Talked to an actress friend today. Depressed, unhappy, rounding 35 and feeling like doors are closing.
She feels completely helpless, and that she is not in control. Its not in her mind. As an actor you're not in control of a damn thing. Always waiting for the phone to ring. And if you surround yourself only with other people in the industry, with acting classes, etc, you're going to think it's the world, and you're going to lose your mind.
Although I empathized with her, the conversation made me feel so good about my choices. To not have to feel like I'm "drifting", a word she kept using, and something the industry has made me feel at times.
I realized that I feel completely, 100% in control.
But it really hit me how good it felt. As someone who's always marched to the beat of their own drum anyways with a bit of a "fuck the man" attitude, I now feel completely free. Ironic, since I've now strapped what some might see as a whale of a responsibility. But no one made me do it, and no one did it for me. Choice.
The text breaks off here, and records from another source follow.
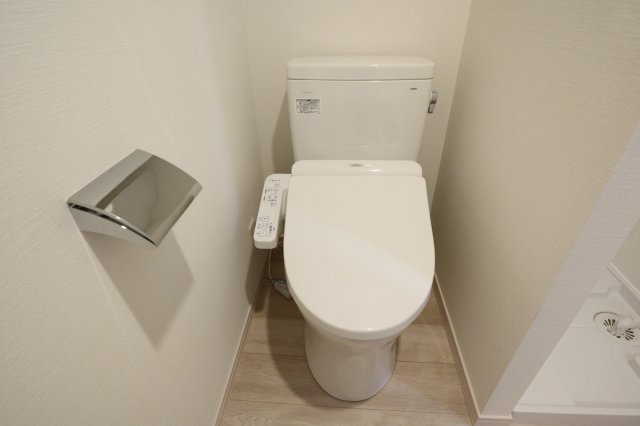 ＪＲ山手線 代々木駅 徒歩5分 5階建 築7年のトイレ写真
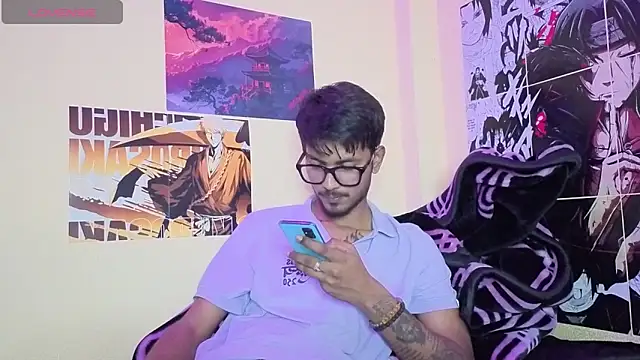 just fucks online show from March 2026 07:47:01 PM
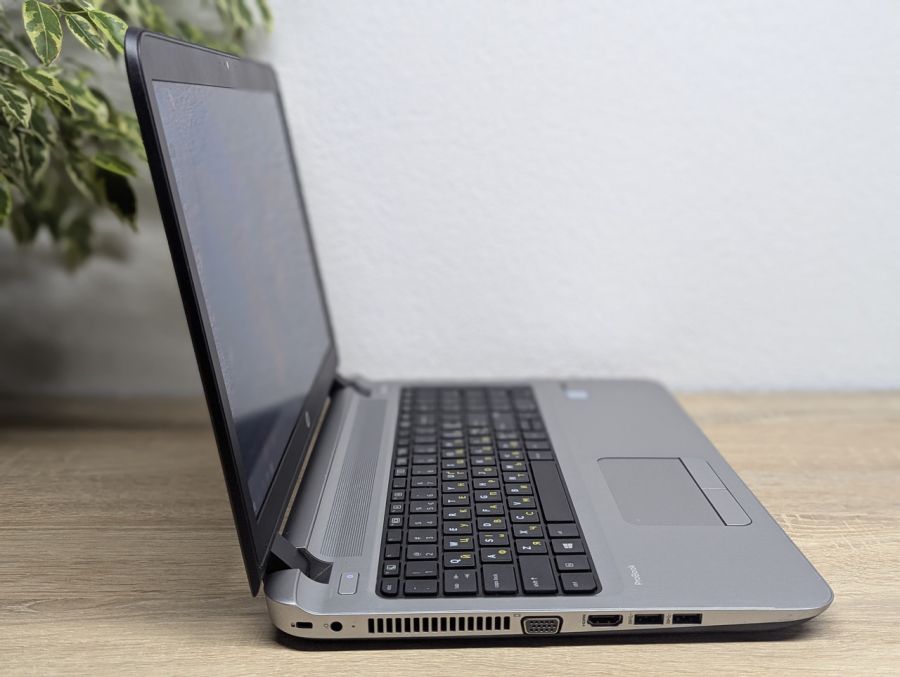 Ноутбук Б/В HP ProBook 450 G3, Intel Core i3-6100U, DDR3 12 GB, SSD 128GB, 15.6" HD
She also asked me how I stay so calm, and the real answer to that is nihilism, or rather, a variation of it. Now people tend to equate being nihilistic with being pessimistic, and I can see why. If you say the basic principle in an Eeyore voice "nothing really matters", it sounds god awful. But it you think of it positively "Nothing matters! Yay!", while doing cartwheels, its actually a very freeing mentality. Of course I lose sight of this in the day to day often, but in my core it really calms me. My basic principle is don't be an asshole, try not to hurt others intentionally, and do whatever the hell you want. There are no rules.